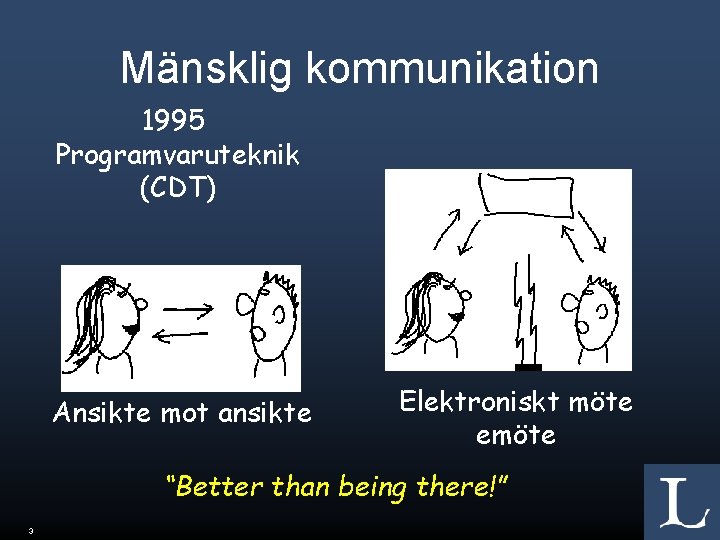 Mänsklig kommunikation 1995 Programvaruteknik (CDT) Ansikte mot ansikte Elektroniskt möte emöte “Better than being
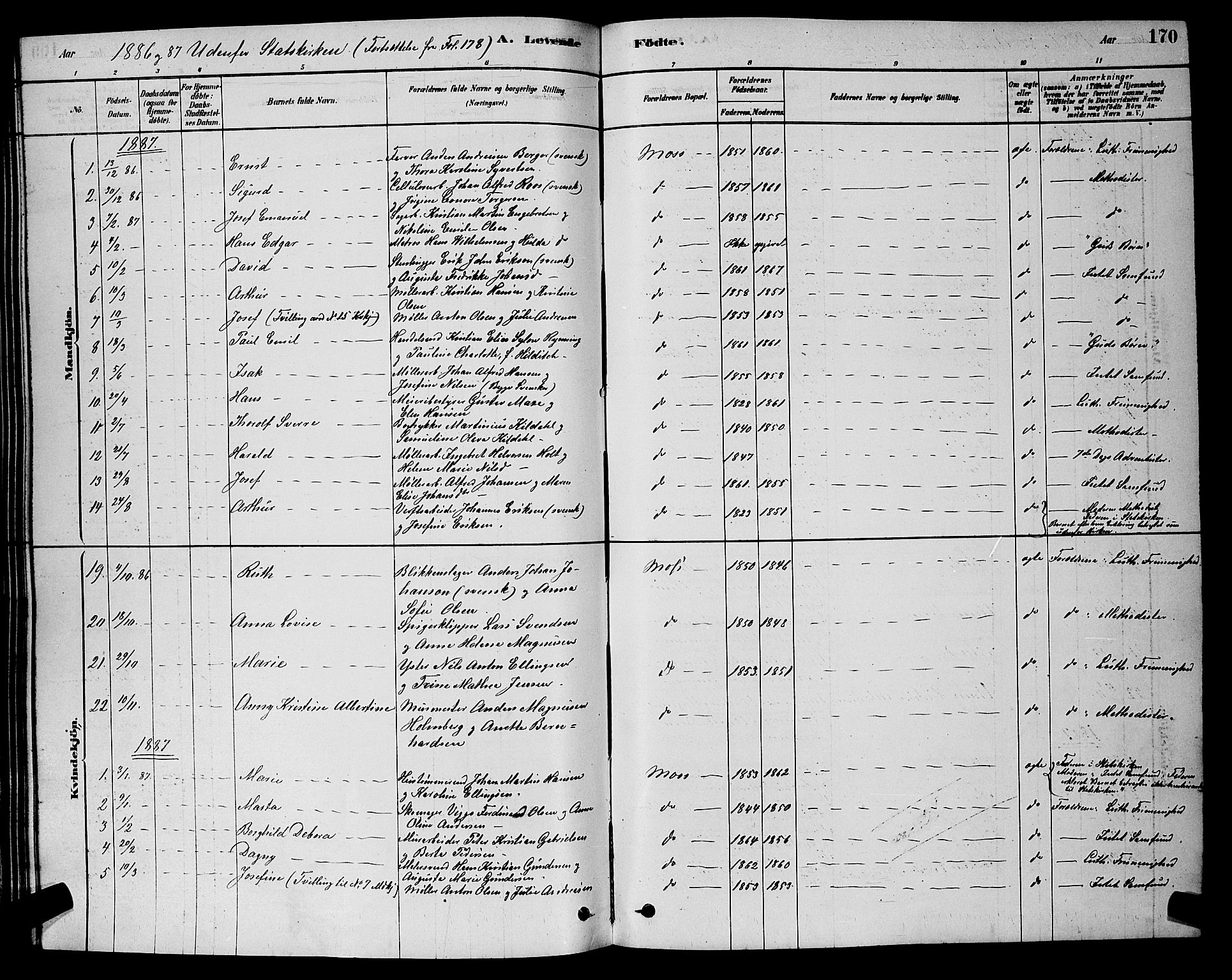 Moss prestekontor Kirkebøker, AV/SAO-A-2003/G/Ga/L0005: Parish register (copy) no. I 5, 1878-1888, p. 170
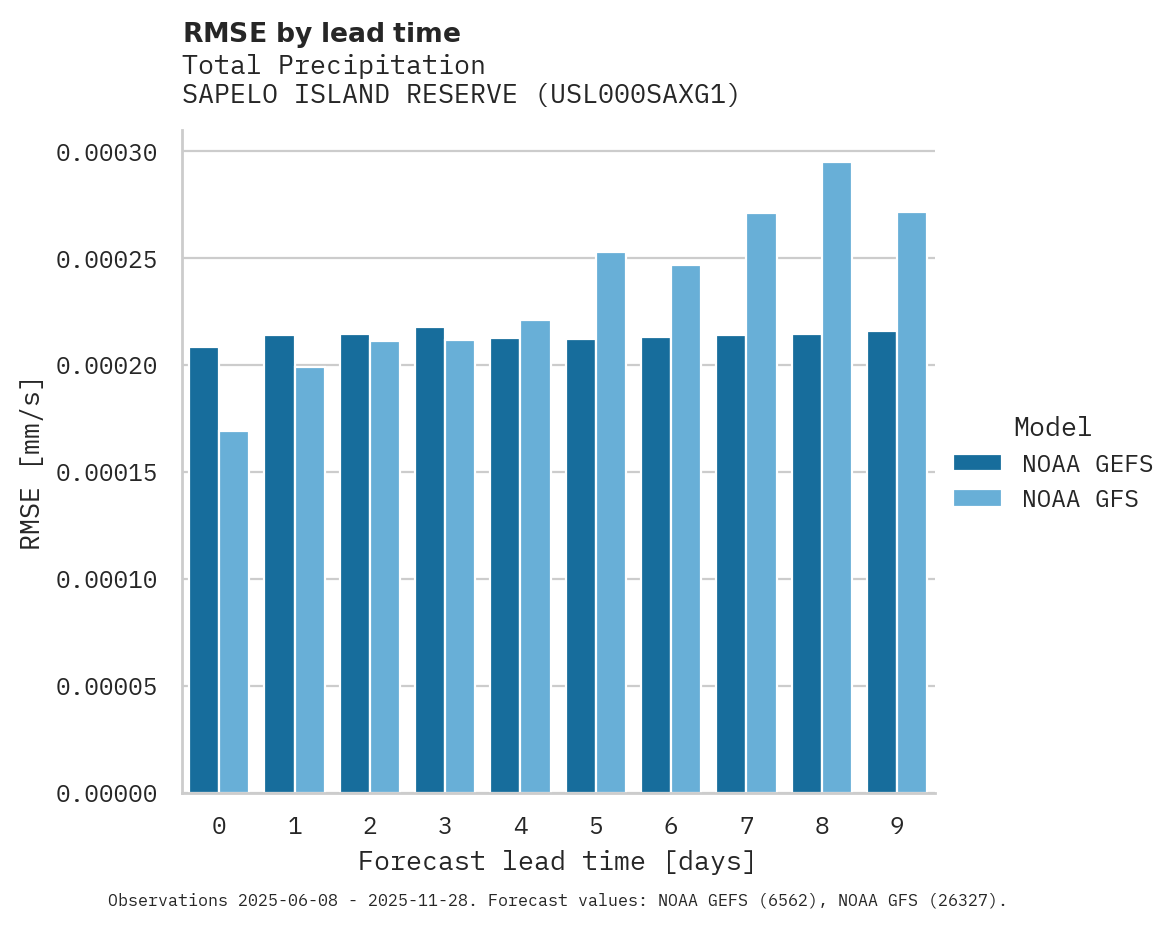 Precipitation RMSE by lead time for SAPELO ISLAND RESERVE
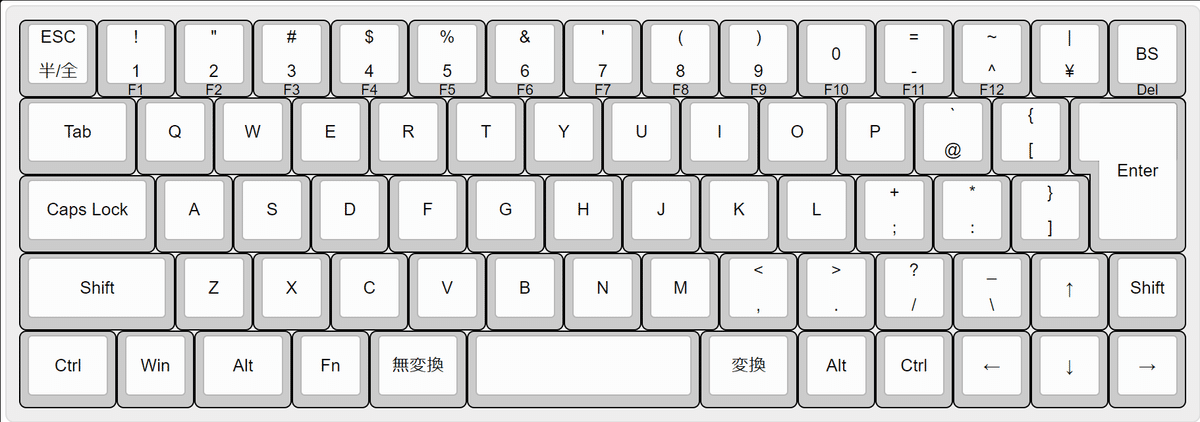 60％日本語配列のレイアウト｜10Q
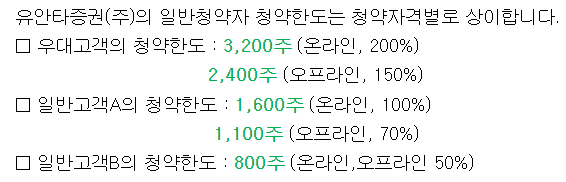 씨메스-공모주-청약한도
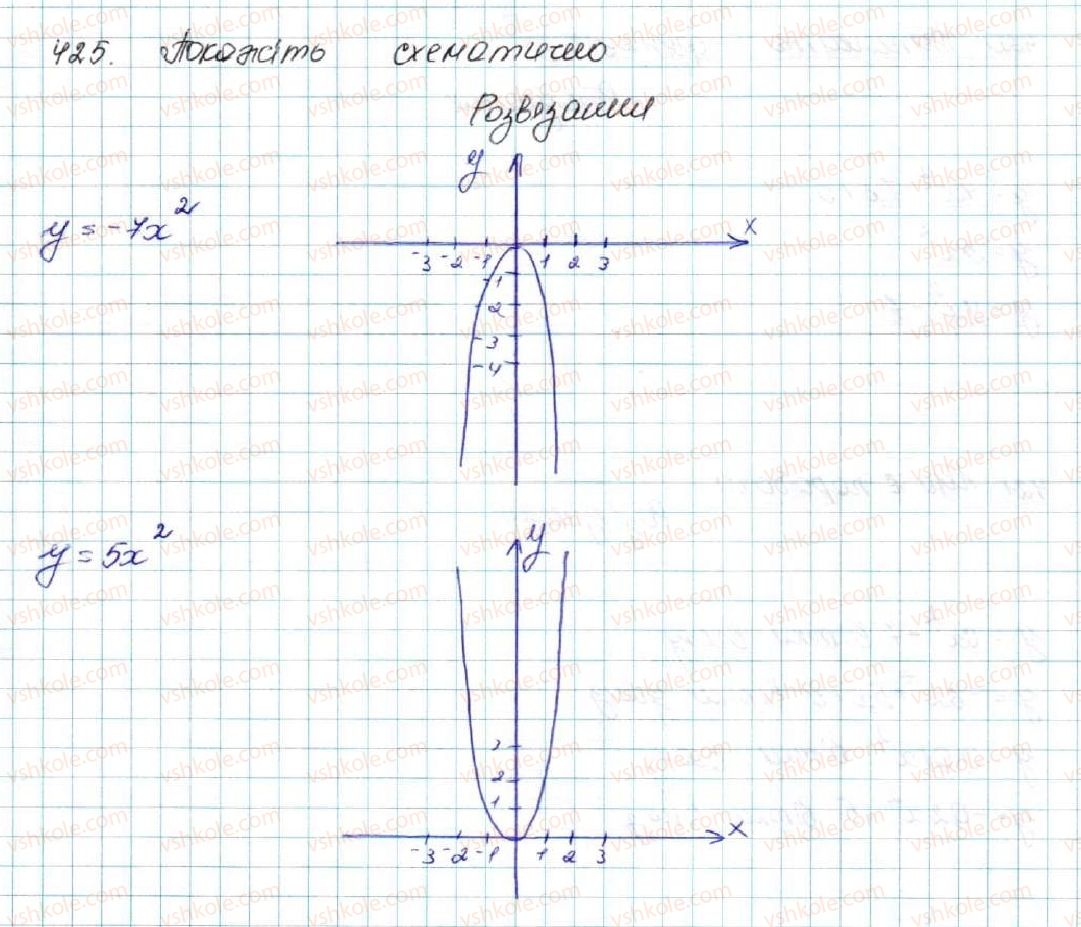 фото задание 425 - § 11. функція y = ax2 + bx + c, a ≠ 0, її графік і властивості - розділ 2. квадратична функція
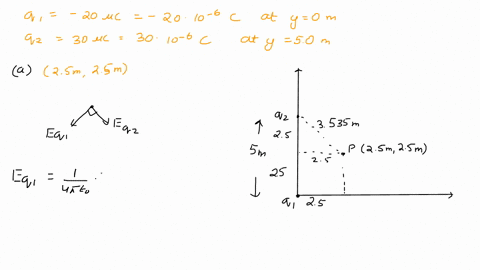 question-5-two-point-charges-q1-20-micro-coulombs-and-q2-30-micro-coulombs_-are-fixed-on-the-y-axis-at-locations-y-0-m-and-50-m-respectively-a-find-the-magnitude-and-direction-of-the-electri-35853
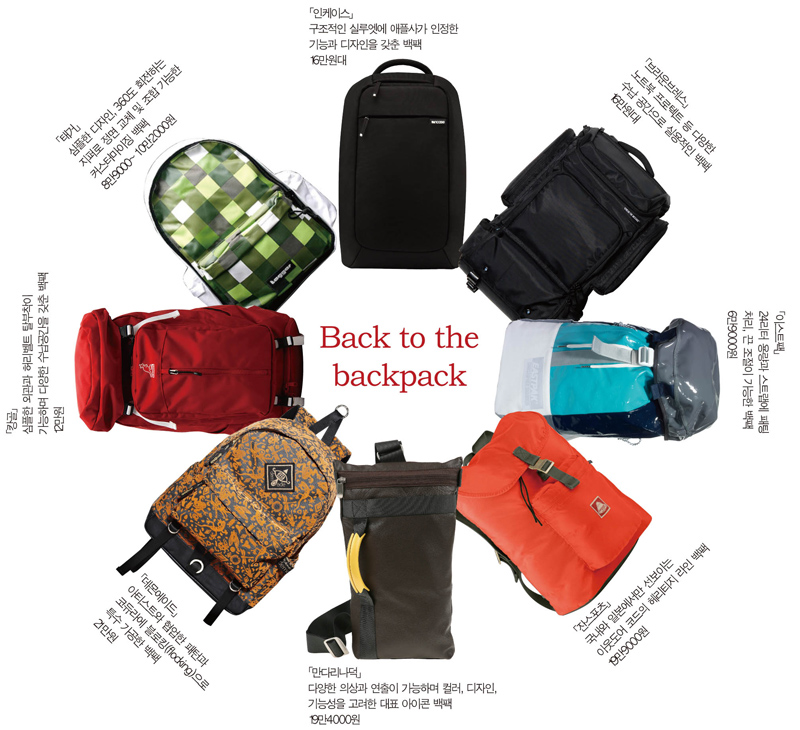 패션+기능, 백팩이 돌아왔다! 3-Image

## What you need to do
Nothing but the text is wanted: repeat the data above exactly, without its images.

## Worked solution
 Mänsklig kommunikation 1995 Programvaruteknik (CDT) Ansikte mot ansikte Elektroniskt möte emöte “Better than being
 Moss prestekontor Kirkebøker, AV/SAO-A-2003/G/Ga/L0005: Parish register (copy) no. I 5, 1878-1888, p. 170
 Precipitation RMSE by lead time for SAPELO ISLAND RESERVE
 60％日本語配列のレイアウト｜10Q
 씨메스-공모주-청약한도
 фото задание 425 - § 11. функція y = ax2 + bx + c, a ≠ 0, її графік і властивості - розділ 2. квадратична функція
 question-5-two-point-charges-q1-20-micro-coulombs-and-q2-30-micro-coulombs_-are-fixed-on-the-y-axis-at-locations-y-0-m-and-50-m-respectively-a-find-the-magnitude-and-direction-of-the-electri-35853
 패션+기능, 백팩이 돌아왔다! 3-Image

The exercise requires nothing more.